Updated: 25-jan-20
© Stephen Bennett 2000-2005

AUSTRALIAN JOURNAL 2003


My name is Stephen Bennett and I am a portrait painter. I travel around the world painting portraits of Indigenous people. My mission is to use my portraits to educate others about Indigenous culture. The world's Indigenous peoples live in the most diverse, colorful and fantastic ways. I want to help empower these peoples to continue and preserve their traditional ways of life. What you are about to read are some of my adventures as I attempt to learn more about the Aboriginal people in Australia. This documentary captures parts of my journey that led me to the people who became the subjects in my paintings. These are the people and locations that inspire my work. Let's go down under. 

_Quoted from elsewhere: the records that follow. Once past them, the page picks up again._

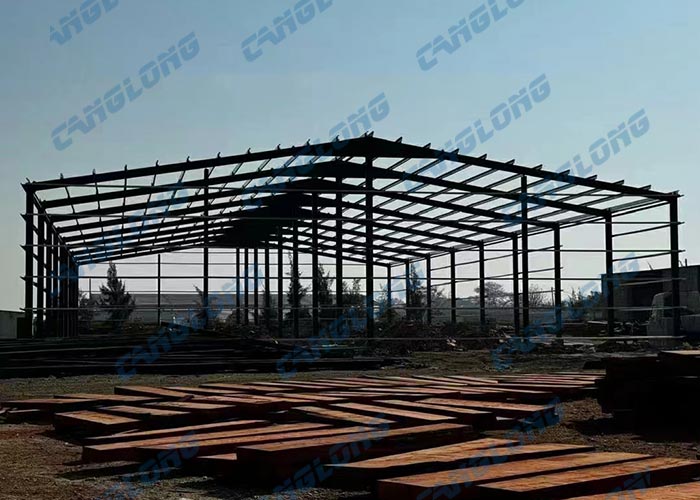 Zambia steel warehouse construction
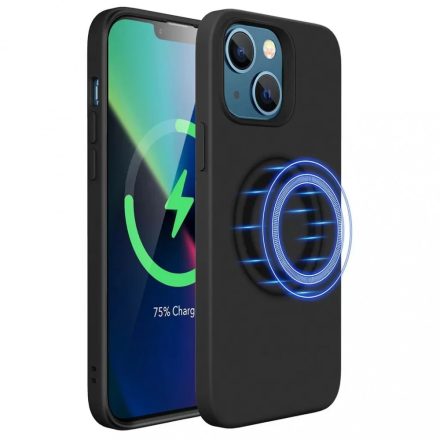 ESR Fekete Cloud Soft Szilikon tok iPhone 13 (150177)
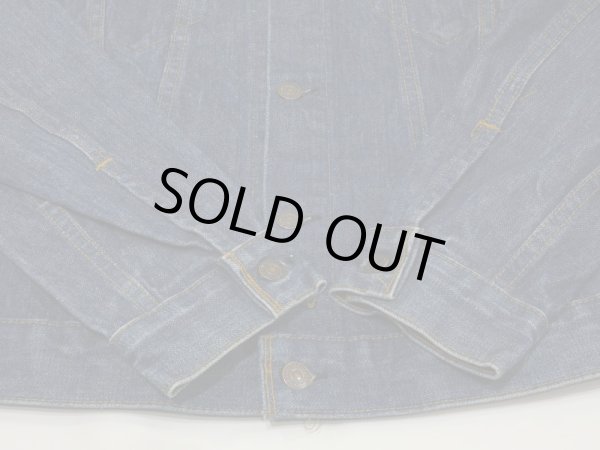 画像9: 70s Levi's 71205-0127 DARK NAVY DENIM JACKET GJ (9)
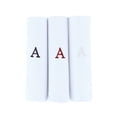 thumbnail image 1 of Umo Lorenzo  Cotton Boxed Initial Alphabet Handkerchiefs (Pack of 3) (Men's), 1 of 3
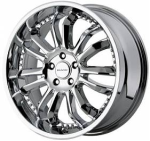 chrome rims, custom rims Km135 Clyde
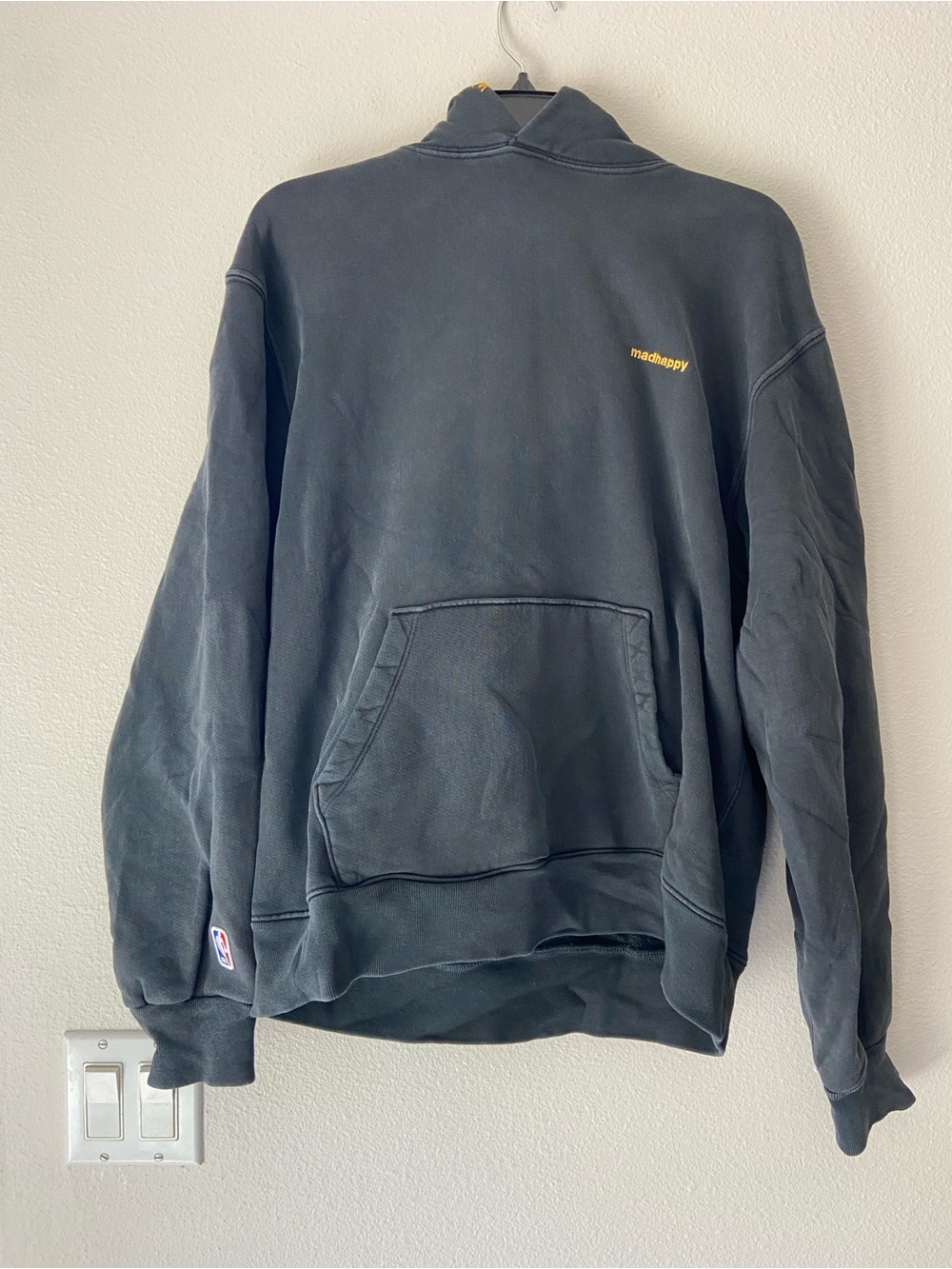 RARE Madhappy x Lakers Black Hoodie Sweatshirt Size Unisex SZ S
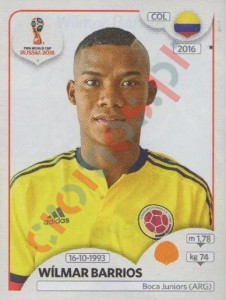 645 Wílmar Barrios – FIFA World Cup Russia 2018 Panini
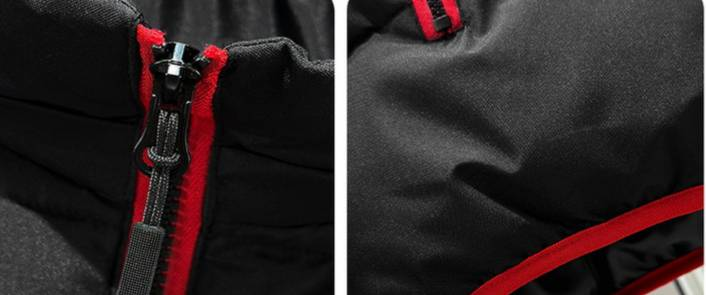 Unisex Reflective Logo Vest – Short Sleeveless Jacket With Thermal Fleece Lining & Side Pockets | Streetwear Essential (L-4XL In White/Black/Red)_voghion.com
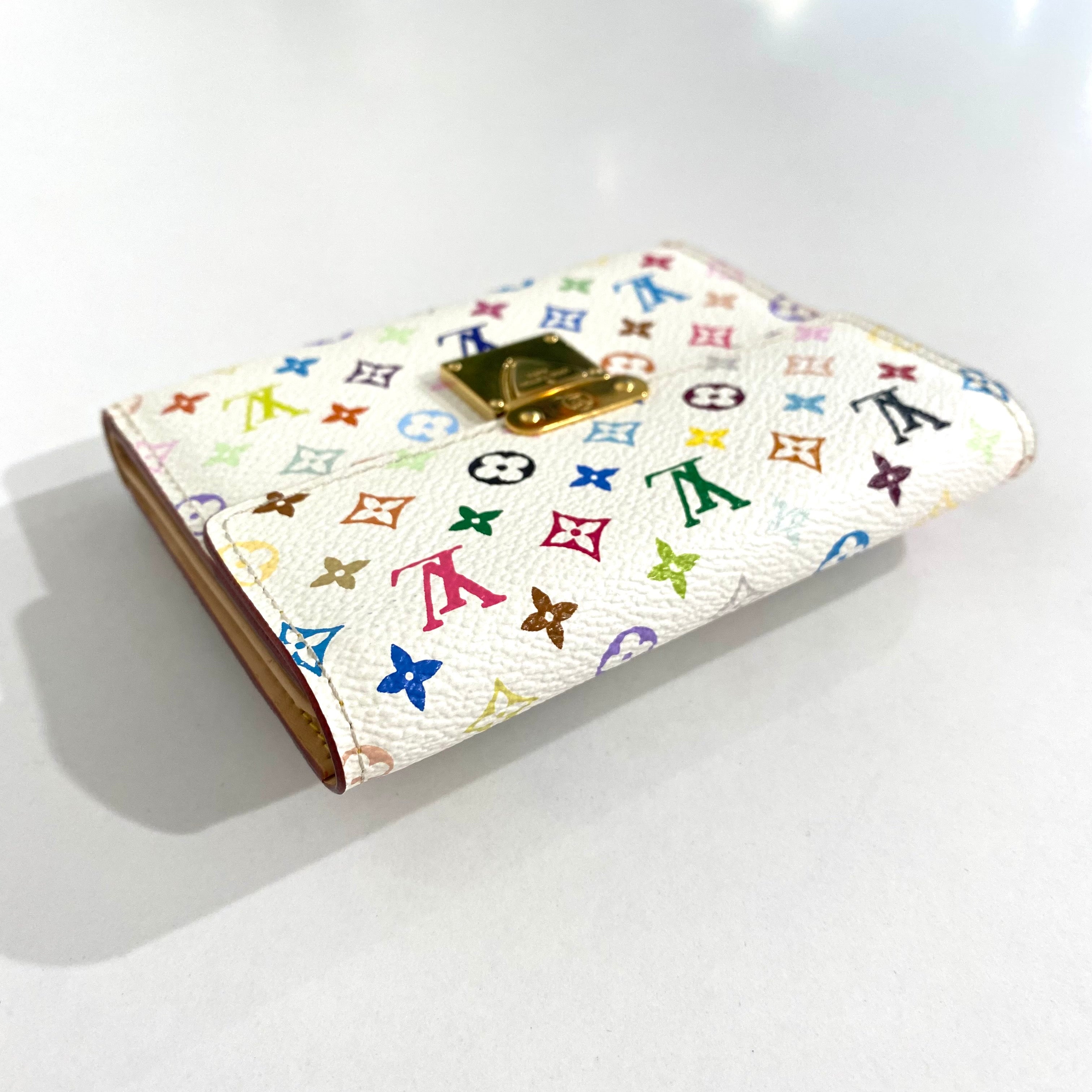 LOUIS VUITTON X Takashi Murakami Porte Trésor Wallet White Monogram  Multicolore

Australia is an island continent and one of the most sparsely populated countries on earth.  Only 18 million occupants cling to the rim of a country almost the size of the United States, which has a population of over 270 million.  The vastness of Australia has to be experienced in order to be felt and appreciated.  It is also one of the driest and flattest continents on the planet.
Australia, however, is a land of great diversity and also contains tropical rainforests, majestic rivers, snow capped mountain ranges, vast grass-lands, and of course the fiery red interior.  To those outside Australia, the myths are many: amazing surfing, Bushrangers, boomerang throwers, a Great Barrier Reef and very strange and unusual animals. All in all in 9 months in Australia I covered over 30,000 kilometers and just began to get a feeling for the place.


Ever since I can remember, the one thing that really fascinated me about Australia was its Aboriginal people.  Before the arrival of the Europeans on the continent, there were between 600 and 700 Aboriginal "nations" or tribes that spoke between 200 and 250 languages. All have customs, rites and beliefs which varied among the different nations. Aboriginals are the oldest continuous culture in the world, having lived on the continent for at least 50,000 years. How had this been possible?  What customs and practices could be so enduring?  And how had life changed since the invasion of the Europeans roughly 200 years ago?  Were Aboriginals still living traditionally or not?  I was determined to find out.


The first British explorers landed near Sydney which was my first stop in Australia.  All major Australian cities are on the coast, so the water is never far away.  It was across this ocean that Aboriginals would have first spotted the British ships and on this soil that the two cultures clashed. The beautiful coastland where Sydney now stands is sacred land for Aboriginals. Many tribes had fished, hunted and carried out their traditional practices in these locations for thousands of years.
On the wild Sydney beaches the surf can be huge.  While I was watching a wild storm unfold off Coogee Beach next to Wedding Cake Island, I noticed some surfers that were making the most of the gigantic waves. I tore myself away from these mad surfers and took a long walk along the jagged cliffs to leave La Perouse.  There I met Spike Jones. He pointed out to me the beach where Captain Cook and the first Europeans arrived in Botany Bay.  Captain Cook's journals tell us that the first Aboriginals that he saw that were out fishing near his ships completely ignored him as if he was invisible! As it turned out, Spike was actually Australia's king! (The king of rock and roll that is). He is one of Australia's top Elvis impersonators. What a head of hair and boy could he Gyrate!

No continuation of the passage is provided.